NEW YORK — Auto-backed securitizations will likely account for 55% of total ABS volume this year, and subprime issuers are largely the reason.
“An increasing portion of the auto finance market today is coming from the growth and reemergence of the subprime sector,” Michael Binz, managing director and business leader of ABS Ratings at Standard & Poor’s, told attendees at a structured finance event on Friday. “With this growth, new issuers are coming into the markets [along with] significant new sources of funding, with the private equity presence growing significantly.”
The auto industry’s solid rebound prompted S&P’s focus on the sector in its first Structured Finance “Hot Topics” event of the year.
In fact, the auto sector is growing faster than the overall economy. Sales have picked up, though they have not returned to pre-recession levels, said Erkan Erturk, senior director of structured finance research at S&P. Though pent-up demand seems to be driving the growth in auto sales, “we are not at the level where it could be,” he said.
Keeping that in mind, Erturk performed an analysis — not a forecast — of what pent-up demand could be. Based on non-farm payrolls and the function of the relationship between 1995 and 2006, pent-up demand could total 10 million units.
“If that is the case, that pent-up demand will be coming our way, and we will see the impact on sales in a positive way in the next few years,” he said.

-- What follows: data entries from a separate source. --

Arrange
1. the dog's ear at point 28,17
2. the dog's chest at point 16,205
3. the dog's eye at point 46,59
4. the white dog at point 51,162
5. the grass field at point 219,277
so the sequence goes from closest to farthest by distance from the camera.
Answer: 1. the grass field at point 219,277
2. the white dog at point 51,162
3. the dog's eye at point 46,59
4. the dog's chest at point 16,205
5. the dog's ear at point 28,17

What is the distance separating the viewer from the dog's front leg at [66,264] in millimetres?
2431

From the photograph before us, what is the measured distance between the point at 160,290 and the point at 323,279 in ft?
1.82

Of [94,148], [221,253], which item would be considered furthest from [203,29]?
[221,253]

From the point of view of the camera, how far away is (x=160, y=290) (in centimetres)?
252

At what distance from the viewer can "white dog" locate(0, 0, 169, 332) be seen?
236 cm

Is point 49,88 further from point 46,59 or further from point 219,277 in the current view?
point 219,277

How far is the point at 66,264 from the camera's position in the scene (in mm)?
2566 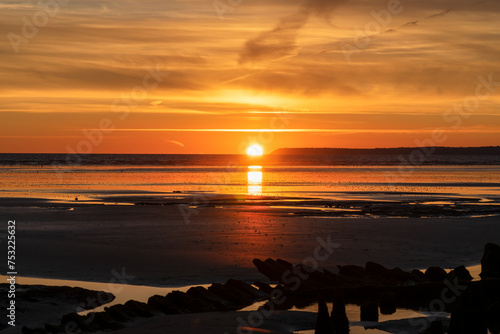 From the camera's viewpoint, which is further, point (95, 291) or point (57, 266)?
point (57, 266)

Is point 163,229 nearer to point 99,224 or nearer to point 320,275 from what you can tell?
point 99,224

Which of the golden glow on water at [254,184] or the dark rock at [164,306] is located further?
the golden glow on water at [254,184]

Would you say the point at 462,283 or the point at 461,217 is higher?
the point at 461,217

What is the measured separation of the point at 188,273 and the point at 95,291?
3.10m

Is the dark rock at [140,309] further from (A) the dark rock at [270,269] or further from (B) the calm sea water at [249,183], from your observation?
(B) the calm sea water at [249,183]

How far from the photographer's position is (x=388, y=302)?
1350 cm

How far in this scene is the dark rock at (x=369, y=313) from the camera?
12375mm

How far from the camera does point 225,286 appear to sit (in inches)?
549

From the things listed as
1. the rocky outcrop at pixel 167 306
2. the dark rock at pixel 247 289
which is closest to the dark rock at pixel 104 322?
the rocky outcrop at pixel 167 306

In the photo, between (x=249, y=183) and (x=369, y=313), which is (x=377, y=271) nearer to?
(x=369, y=313)

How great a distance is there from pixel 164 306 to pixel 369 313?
13.7 ft

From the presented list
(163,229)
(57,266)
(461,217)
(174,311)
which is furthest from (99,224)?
(461,217)

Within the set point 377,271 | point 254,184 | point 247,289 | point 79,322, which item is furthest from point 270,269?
point 254,184

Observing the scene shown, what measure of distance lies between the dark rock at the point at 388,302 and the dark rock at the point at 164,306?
435 cm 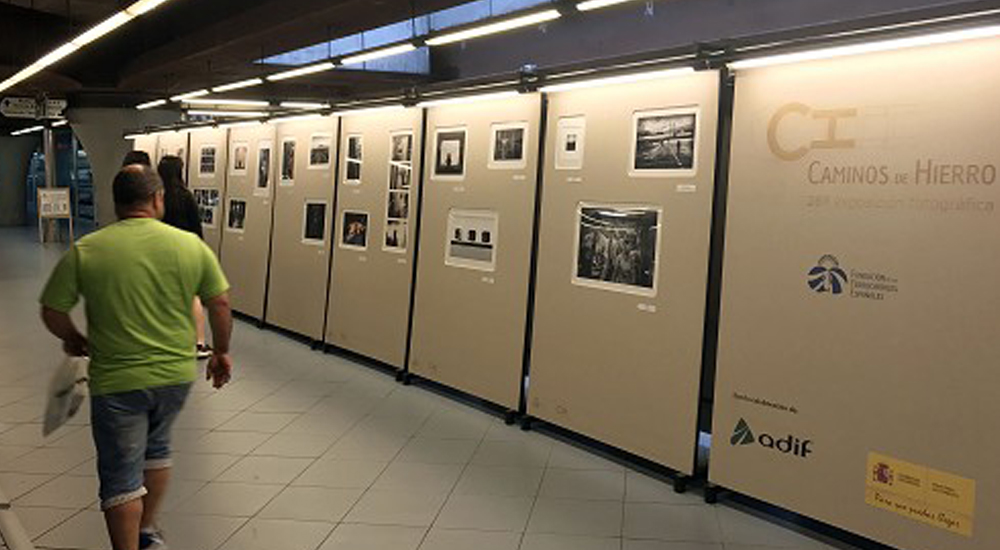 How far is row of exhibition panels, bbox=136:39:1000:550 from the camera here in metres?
3.07

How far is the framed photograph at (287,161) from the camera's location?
803 centimetres

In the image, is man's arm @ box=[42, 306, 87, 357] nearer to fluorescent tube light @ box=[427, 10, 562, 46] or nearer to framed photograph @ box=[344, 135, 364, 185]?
framed photograph @ box=[344, 135, 364, 185]

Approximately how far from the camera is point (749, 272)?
3.80m

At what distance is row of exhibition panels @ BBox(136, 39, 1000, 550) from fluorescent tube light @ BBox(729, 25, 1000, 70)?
5 centimetres

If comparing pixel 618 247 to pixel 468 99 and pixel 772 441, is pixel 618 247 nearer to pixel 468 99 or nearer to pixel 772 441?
pixel 772 441

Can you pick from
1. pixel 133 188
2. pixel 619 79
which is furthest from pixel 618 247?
pixel 133 188

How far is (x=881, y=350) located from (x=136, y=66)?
52.2ft

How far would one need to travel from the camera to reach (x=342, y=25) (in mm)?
11391

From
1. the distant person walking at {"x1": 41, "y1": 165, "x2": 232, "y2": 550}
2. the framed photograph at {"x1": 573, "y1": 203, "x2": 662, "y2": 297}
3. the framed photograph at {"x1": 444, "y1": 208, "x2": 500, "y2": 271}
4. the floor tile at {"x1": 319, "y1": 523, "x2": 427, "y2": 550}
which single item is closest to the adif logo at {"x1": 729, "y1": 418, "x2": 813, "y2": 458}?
the framed photograph at {"x1": 573, "y1": 203, "x2": 662, "y2": 297}

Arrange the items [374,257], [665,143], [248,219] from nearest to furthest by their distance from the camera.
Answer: [665,143], [374,257], [248,219]

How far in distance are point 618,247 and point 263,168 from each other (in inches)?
218

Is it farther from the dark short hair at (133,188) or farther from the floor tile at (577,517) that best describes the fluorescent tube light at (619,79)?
the dark short hair at (133,188)

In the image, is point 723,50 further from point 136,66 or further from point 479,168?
point 136,66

That pent-up demand is among the reasons for growth in auto ABS issuance, Erturk explained. In addition, the strength of the used-car market, vehicle affordability, and the decline of consumer default rates are all stimulating growth.
Still, both Binz and Erturk concurred that risks remain in the sector. Among them is the change in underwriting trends in the auto loan market, consumer confidence inching its way back up, a slow housing recovery, and the European sovereign debt crisis.